Based on John Steinbeck's nove,l East of Eden is a reworking of the Cain and Abel story and is set on the California coast around Salinas and Monterey at the time of WW1. Dean plays Caleb, the troubled and troublesome son of a piously religious farmer, Adam Trask (Raymond Massey), who dotes on Cal’s goody-two-shoes brother, Aron (Richard Davalos, an actor who largely disappeared into a long television after this film) and whose wife (Jo Van Fleet, who did win the Best Supporting Actress Oscar) left him when the boys were young and now runs a whorehouse 15 miles away in Monterey. Cal is profoundly jealous of his brother and craves his father's love, and when the latter loses all his money in a business venture Cal thinks he sees a way to win it. Of course, this is not what happens.

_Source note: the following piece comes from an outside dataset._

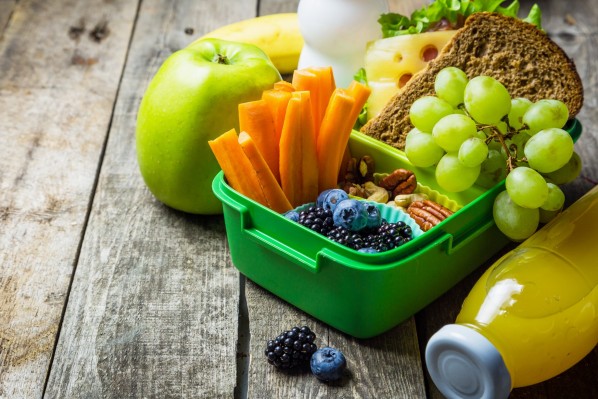 Brotdose mit Obst und Gemüse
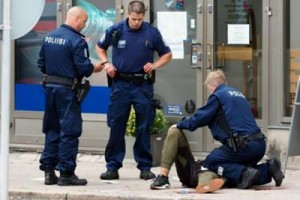 Finlandia, passanti accoltellati: 2 morti, 6 feriti. Arrestato uno straniero L&#039;aggressore urlava Allah Akbar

Dean had been making a name for himself in theatre by this time and no doubt this is where Kazan, a prominent theatre director of the day found him and also knew of the much older Van Fleet who also made her film debut her.). Perhaps he recognised star quality but arguably he makes too much of Dean whose strongly mannered performance, evidently stemming from the same Method school tradition as those of Brando and Newman, is very much like that in Rebel Without A Cause, released later that same year, where it feels much more appropriate to the material. Here it often comes across as overwrought whilst Kazan exploits his boyish good looks and, more problematically, particularly in the latter stages, once the self-righteous Adam refuses Cal’s generosity, lays on the melodrama mercilessly allowing Cal a transfigured state of redemption as his dorky brother goes off to die at the hands of the Boche.
If not Kazan's most compelling directorial effort he still makes his mark, in particular with the use of tilted camera angles, Dean was a charismatic screen star and no-one has ever done tormented youth with quite as much emotionality as he does here. Although Julie Harris is too old to fit as Aron's teenage girlfriend, Abra, it is a well-written part as with natural wisdom she tries to mediate the various antagonisms between the three males and Harris, who was a 30 at the time, compensates for her years well.